For a few months now I have been rattling on about sonification. So this is an explanation of how it works, with drawings.
For this example I am going to sonify a pub table, because it was where I was sat when I apparently first explained it properly to someone.
Here is a table. A coin is rolling across it. I want to sonify this. I don’t want to listen to the sound it makes rolling along the table, because that doesn’t tell me much about it. I want to make a new sound that tells me all about the coin’s motion. A sound that contains more information that just listening to the coin or just watching it can tell me. So I measure the coins motion:
I’ve just chosen speed, number of turns and end position here, but I could also have used lots of other variables such as type of coin (material), weight, value and so on.
On the table there is also an ashtray, with a half-smoked fag in it. Because this is also on the table and I want to sonify the table, I do the same sort of measurements on the cigarette.
And then I notice an odd-looking insect, so that gets its data recorded too.
So now I have three sets of three numbers. I could go on. I could also record the leaf blowing over the table and the elbows resting on it and the pint of beer gently bubbling on it. But I’m going to stop for now because I want to explain how the numbers become something you can hear.
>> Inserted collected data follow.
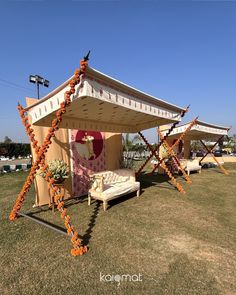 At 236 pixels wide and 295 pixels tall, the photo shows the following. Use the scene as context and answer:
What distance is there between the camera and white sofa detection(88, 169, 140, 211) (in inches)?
215

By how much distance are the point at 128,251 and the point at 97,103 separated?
3064mm

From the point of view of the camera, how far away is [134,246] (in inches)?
135

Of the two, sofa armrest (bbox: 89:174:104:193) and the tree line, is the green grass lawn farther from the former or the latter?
the tree line

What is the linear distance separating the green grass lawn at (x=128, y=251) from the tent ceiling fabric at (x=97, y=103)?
2726mm

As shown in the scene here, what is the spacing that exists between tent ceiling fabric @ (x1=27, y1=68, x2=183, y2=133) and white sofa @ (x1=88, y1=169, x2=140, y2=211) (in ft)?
6.01

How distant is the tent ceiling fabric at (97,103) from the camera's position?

To “hear” the data we can map physical properties (The Data) to audible properties (The Sound) in pretty much any way we choose. For a physicist, an obvious way to do this might be to map speed to pitch. I think this is obvious for a physicist because both of these things are measured “per second” (pitch or frequency is measured in Hertz, which means vibrations per second). But we don’t have to do the obvious, we can map any physical property to any audible property.
In this example I’m going to map speed to the pitch of the note, length/postion to the duration of the note and number of turns/legs/puffs to the loudness of the note.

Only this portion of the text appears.